LETTER TO SHAREHOLDERS WHO ARE RECORD HOLDERS

CLEARSIGN COMBUSTION CORPORATION

 

Subscription Rights to Purchase Units

Offered Pursuant to Subscription Rights Distributed to Shareholders of ClearSign Combustion Corporation

 

December 27, 2016

 

Dear Shareholder:

 

This letter is being distributed by ClearSign Combustion Corporation (the “Company”) to all holders of record of shares of its common stock, $0.0001 par value per share (the “Common Stock”) as of 5:00 p.m. Eastern time on December 19, 2016 (the “Record Date”), in connection with a distribution in a rights offering (the “Rights Offering”) of non-transferable subscription rights (the “Subscription Rights”) to subscribe for and purchase units (“Units”). The Subscription Rights and Units are described in the prospectus supplement dated December 7, 2016 (a copy of which accompanies this notice) (the “Prospectus Supplement”).

 

Pursuant to the Rights Offering, the Company is issuing Subscription Rights to subscribe for up to 2,594,082 Units on the terms and subject to the conditions described in the Prospectus Supplement, at a subscription price of $4.00 per Unit (the “Subscription Price”).

 

The Subscription Rights may be exercised at any time during the subscription period, which commences on December 27, 2016 and ends at 5:00 p.m. Eastern Time, on January 13, 2017 (the “Expiration Date”).

 

As described in the Prospectus Supplement, you will receive Subscription Rights to purchase 0.2 of a Unit for each share of Common Stock you owned on the Record Date, evidenced by a non-transferable Subscription Rights certificate (the “Subscription Rights Certificate”). Each 5 Subscription Rights will entitle you to purchase one Unit at the Subscription Price. Each Unit includes one share of Common Stock and a warrant representing the right to purchase one share of Common Stock. You will need to exercise 5 Subscription Rights to purchase a Unit.

 

The Company will not issue fractional shares. Fractional shares resulting from the exercise of the Subscription Rights will be eliminated by rounding down to the nearest whole number of Units a holder would otherwise be entitled to purchase.

 

Enclosed are copies of the following documents:

 

1.Prospectus Supplement

 

2.Subscription Rights Certificate

 

3.Instructions As to Use of Subscription Rights Statements

 

4.Notice of Important Tax Information

 

5.A return envelope, addressed to VStock Transfer, LLC (the “Subscription Agent”)

 

Your prompt attention is requested. To exercise your Subscription Rights, you should deliver the properly completed and signed Subscription Rights Certificate, with payment of the Subscription Price in full for each Unit subscribed for, to the Subscription Agent as indicated in the Prospectus Supplement.
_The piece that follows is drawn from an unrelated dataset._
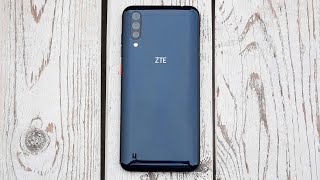 ZTE Blade 20 Smart 4/128GB Gradient Green купити в інтернет-магазині ...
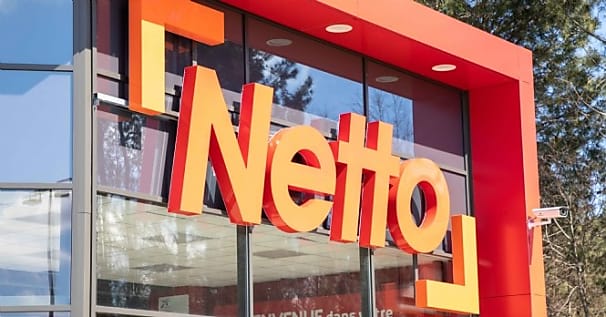 Netto digitalise sa stratégie commerciale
The Subscription Agent must receive the properly completed and duly executed Subscription Rights Certificate and full payment of the Subscription Price prior to the Expiration Date.

 

You cannot revoke the exercise of your Subscription Rights. Subscription Rights not exercised at or prior to 5:00 p.m. Eastern Time on the Expiration Date will expire.

 

 

 

  

ANY QUESTIONS OR REQUESTS FOR ASSISTANCE CONCERNING THE RIGHTS OFFERING SHOULD BE DIRECTED TO VSTOCK TRANSFER, LLC, THE INFORMATION AGENT, AT info@vstocktransfer.com OR AT (855) 987-8625 (TOLL FREE) OR (212) 828-8436.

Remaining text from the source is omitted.